Consumers worried as debts grow
The Bank of England’s (BoE) latest report on fiscal stability has revealed that consumer debt, including mortgages, credit cards and loans, rose by 10.3% over the previous financial year. This means that borrowing among members of the public has now swelled to £198bn. As a result, economists, banks and those in debt are becoming increasingly worried.
Default rates have fallen to near historic lows, and with unemployment decreasing and relatively stable – if low – growth, lenders have lowered interest rates and made more capital easily available.
However, the economic situation is still uncertain; as such, the BoE’s biggest focus is whether or not consumers will be able to continue repaying their debts. They've therefore instructed banks to set aside an extra £11.4bn in reserves and brought forward annual stress tests to ensure they can cope if there are problems.
It’s not just economic instability that’s causing concern, however. A recent survey by Consumer Intelligence found that one in six adults say they rely on their credit card to get through the month. This suggests that consumer finances aren’t as rosy as the wider stats suggest.
Overall, 10% of people said that they’re worried about the level of debt they’re in. The figure is backed up by data from the charity Money Advice Trust, which has seen an 8% increase in calls to its hotline this year.
It's not just those on low incomes who are facing this issue. Almost 25% of people with a household income of £50,000 or over are failing to clear their credit card obligations each month.

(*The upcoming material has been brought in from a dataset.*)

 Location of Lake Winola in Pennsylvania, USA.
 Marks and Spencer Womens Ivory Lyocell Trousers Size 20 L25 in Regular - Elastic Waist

As the BoE looks at means to protect financial institutions from any new developments, it may also be wise to consider ways to help those who are reliant on credit to pay their bills. By ensuring debtors can afford to pay back what they've borrowed, and avoid a spiralling situation, the risk of defaults could be significantly reduced.
Those with growing debts, meanwhile, should ensure that repayments are prioritised so that repossessions, fines and court summons can be avoided. And if this become problematic, speak to the lender or enforcement officer immediately to discuss a reasonable solution.